### Input material ###
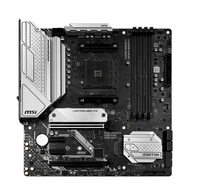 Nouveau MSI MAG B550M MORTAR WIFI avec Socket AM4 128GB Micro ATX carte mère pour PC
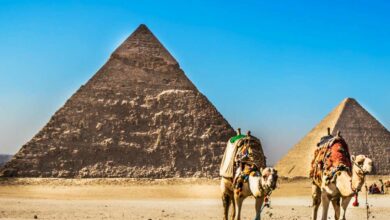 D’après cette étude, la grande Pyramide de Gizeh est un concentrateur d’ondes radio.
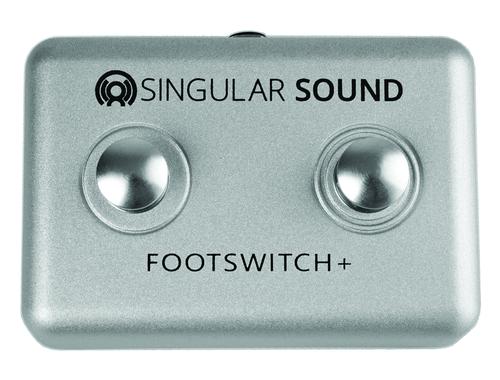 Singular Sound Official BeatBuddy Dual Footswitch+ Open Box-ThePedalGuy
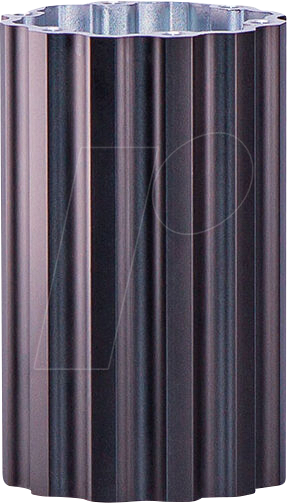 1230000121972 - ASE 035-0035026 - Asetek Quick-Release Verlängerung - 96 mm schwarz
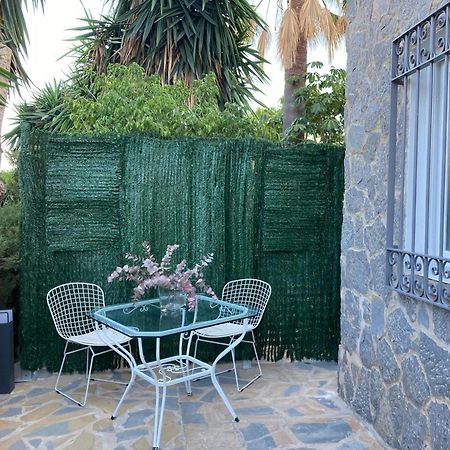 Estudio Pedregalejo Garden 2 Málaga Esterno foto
###
### Input material ###
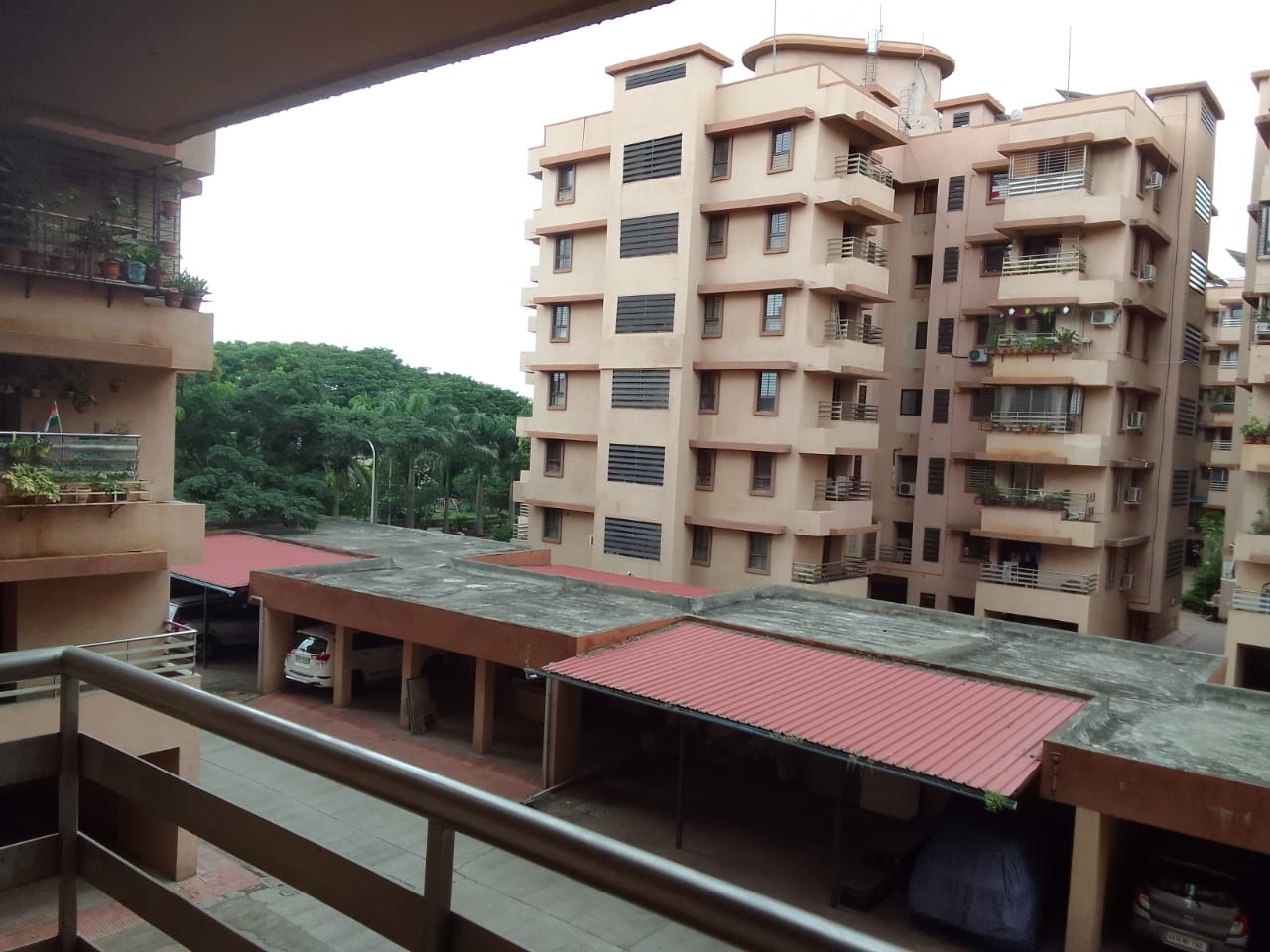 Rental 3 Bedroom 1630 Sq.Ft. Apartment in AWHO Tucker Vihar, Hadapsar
###
Task =
Above are the records; copy exactly the lines from the one with "Nouveau MSI MAG" through the one with "Estudio Pedregalejo Garden", including both, and nothing more. Leave out pictures.

Answer to this task =
 Nouveau MSI MAG B550M MORTAR WIFI avec Socket AM4 128GB Micro ATX carte mère pour PC
 D’après cette étude, la grande Pyramide de Gizeh est un concentrateur d’ondes radio.
 Singular Sound Official BeatBuddy Dual Footswitch+ Open Box-ThePedalGuy
 1230000121972 - ASE 035-0035026 - Asetek Quick-Release Verlängerung - 96 mm schwarz
 Estudio Pedregalejo Garden 2 Málaga Esterno foto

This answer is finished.